**Task**.
Although the records contain pictures, none belong in the copy: restate word for word only the lines from the one with "Foto del edificio - 465 Brickell Ave" through the one with "Gallery image thumbnail", both included.

**Records shown**.
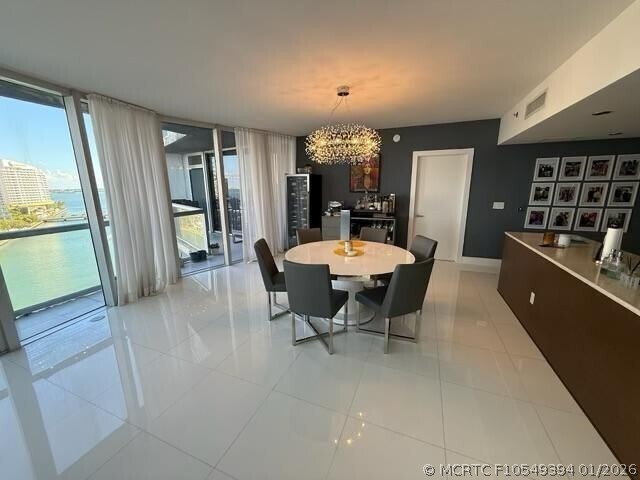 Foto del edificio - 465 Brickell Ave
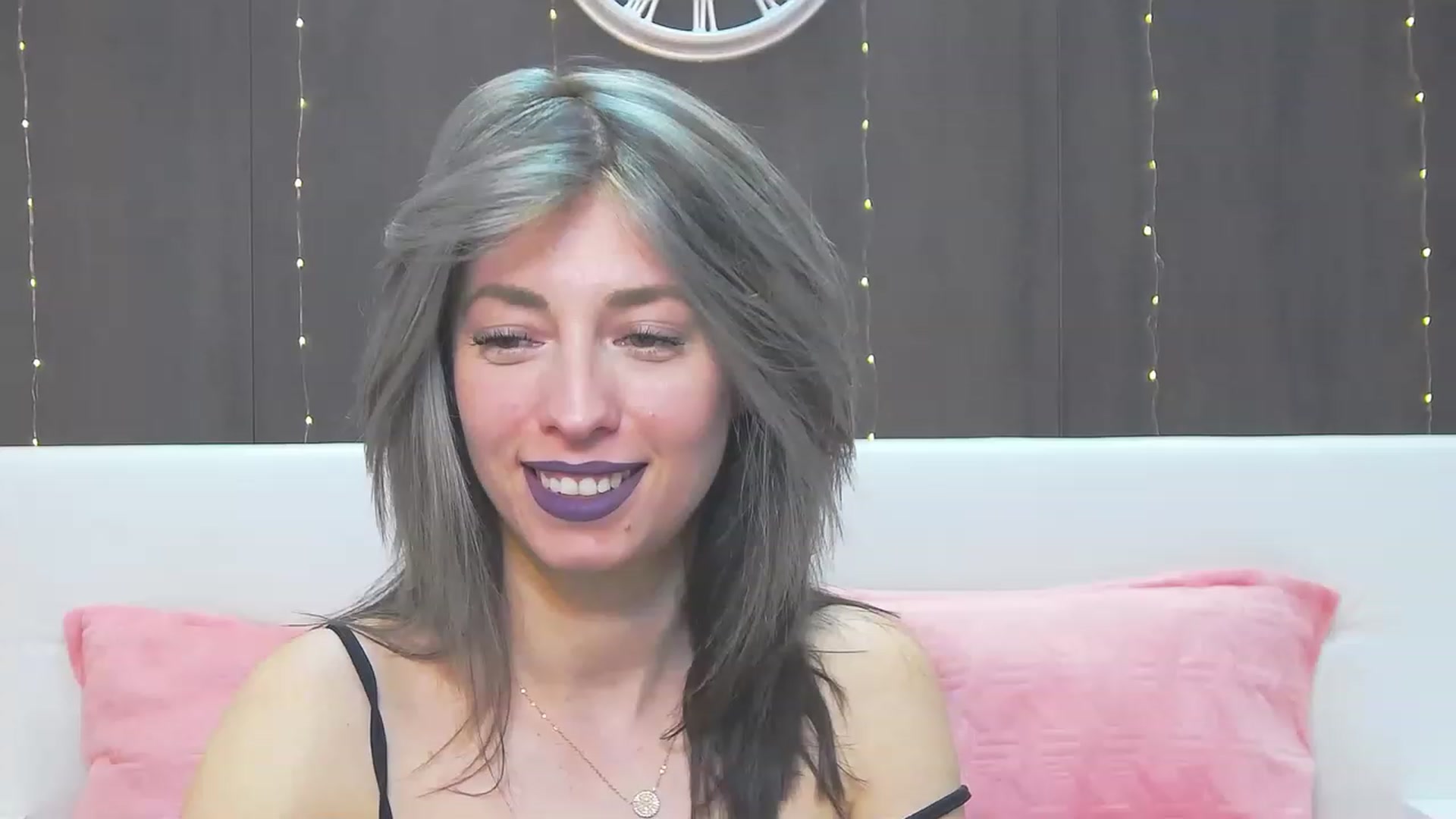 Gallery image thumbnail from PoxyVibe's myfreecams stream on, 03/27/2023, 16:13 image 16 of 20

...

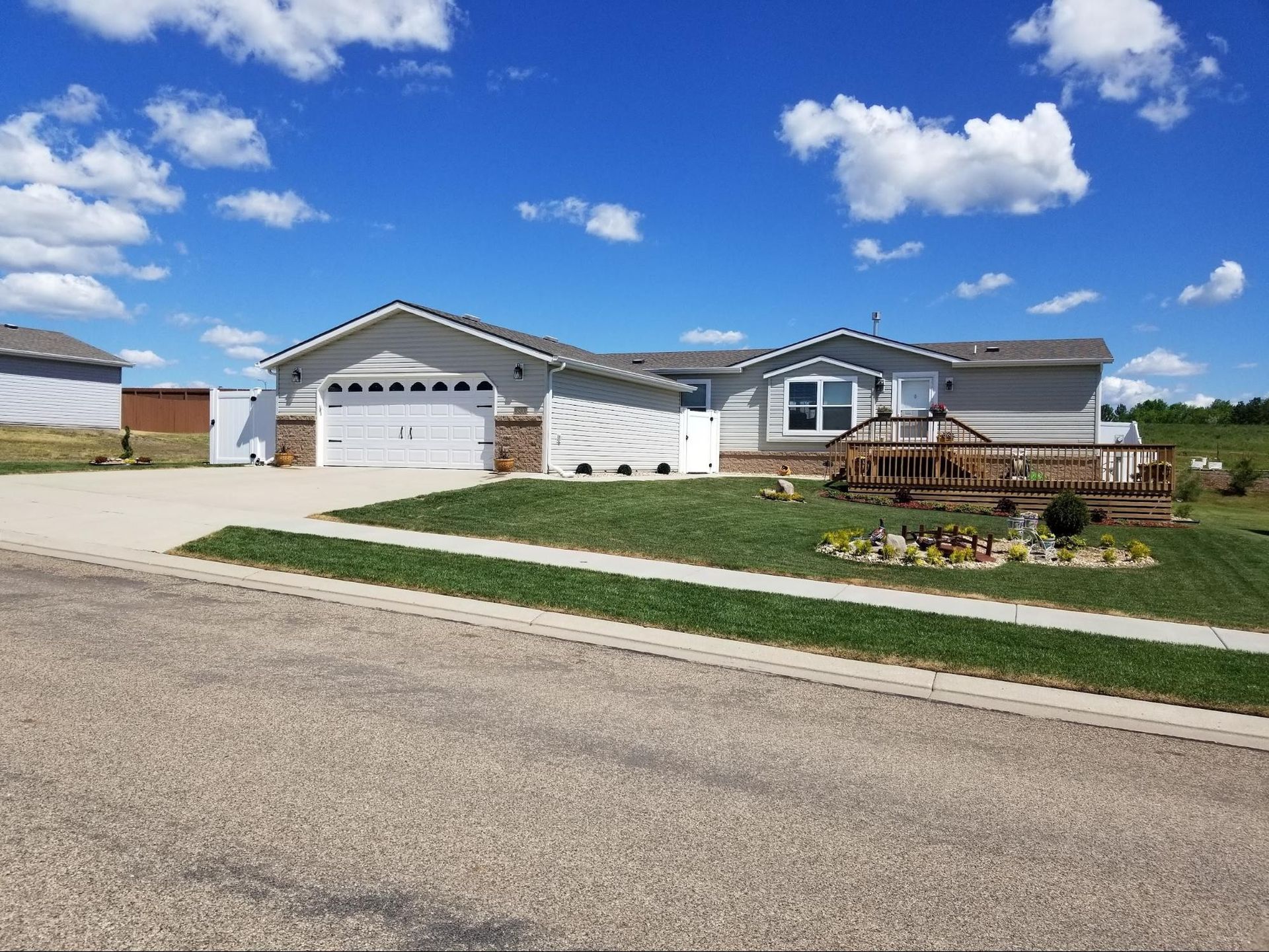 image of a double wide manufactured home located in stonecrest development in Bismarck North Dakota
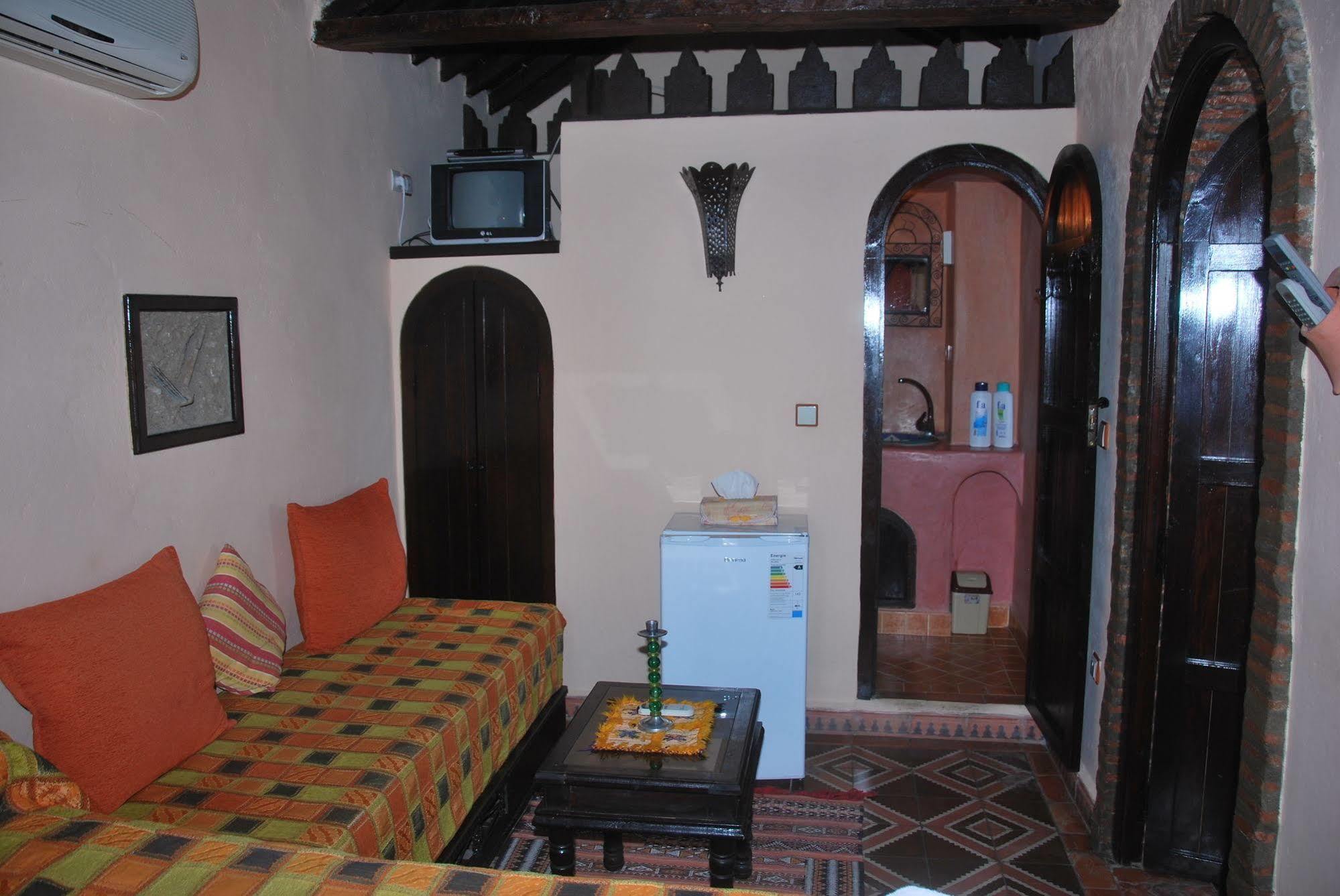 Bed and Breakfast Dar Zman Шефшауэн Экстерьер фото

* * *

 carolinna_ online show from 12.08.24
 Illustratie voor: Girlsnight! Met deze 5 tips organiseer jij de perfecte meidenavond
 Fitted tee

**Problem solution**.
 Foto del edificio - 465 Brickell Ave
 Gallery image thumbnail from PoxyVibe's myfreecams stream on, 03/27/2023, 16:13 image 16 of 20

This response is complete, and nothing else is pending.